Sunday, July 08, 2007

"The Liquid Life" (installment twenty-nine)


SATURNINA’S DEPARTURE UNDER THE COVER OF NIGHT

Saturnina was big in the belly by Cassius and forced to leave them when her mother, an indirect descendant of Mozart, ordered her home... immediately. That broke the charm. She licked her chops like delicious over the brawl she had started back home and left at midnight with all types debts and bets unpaid.

No one came to foreclose.

Elendele remained stoic and true to her principals of free love, but she bled internally, and thereafter her smile was always more knowing. That Cassius had beaten her barely with a little seduction of his own.

No one was surprised.

Saturn left with a Cortez original under her arm. She’d had it so long and the paint still hadn’t dried. It was from his flinging phase. Since then he’d painted on rugs, throw away doors, and sheets. He used much less paint now since it was cheaper that way. She had given the grateful painter a thousand dollars for the work just to get under Elendele’s skin. But Elendele was too saddened at her leaving to notice.

Saturn, she said, was a once in a lifetime friend who would simply grow up to become someone we once knew.

I was sad, too. My affection had always been hers and she drank freely of it, longingly, without ever laying a hurtful glove on me. And I was flattered. She remained forever softly Saturnina. I didn’t even get an hour with her to say goodbye. And you should always say goodbye. She invited me over to smoke a joint while she was packing and seemed mildly surprised I hadn’t brought the Maria myself.

And even though she didn’t get her treasure, she gave one, a bracelet; her blue-stained glass moon crescent, and a new drug she and Trini had invented called Executrip, on the condition that I think about her through most of it. That was easy, and I did.
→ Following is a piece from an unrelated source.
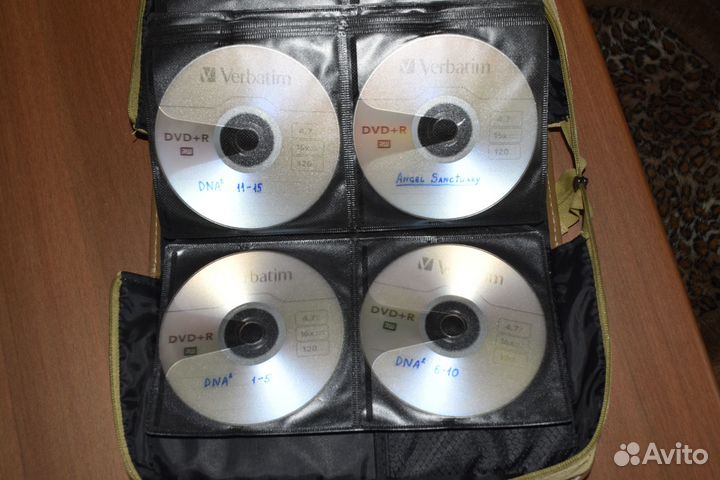 Чехол с dvd дисками аниме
We called her every week until we lost track of how long she had been gone. The conversations had no detail. We’d get clumsy and would end up saying things at the same time. Then she’d say, “I’m sorry, you go ahead,” and I’d say, “No, you, please.” Of course, when Saturn was near I could hardly be heard, but I never got soliloquy from afar. And anyway it was the same on the phone with either of them, they were rainbows and were reduced by wire to one color in voice.

“Maybe she was afraid someone was listening,” I indulged Elendele whose speeches I had to content myself with, and which were in the end much better; more jaunty, more thickness in the lyric. Whitey McEntee had said he’d hire her after watching her turn a speech to a local union on the plant closings bill into a song.

Anyway, Saturn was changing politically, was growing enamored of a dangerous French outfit called Direct Action or, at least, wasted way too much time pulling their leaflets off the walls of Marseille, reading at night for insight into government, and ways it might be moving market forces.

Elendele approved. Only they, she said, believed in real revolution, anymore. So, Saturnina had come to know them, had grown away from us to brighten their edgeworld. “Sad Lisa Lisa” remained her favorite song.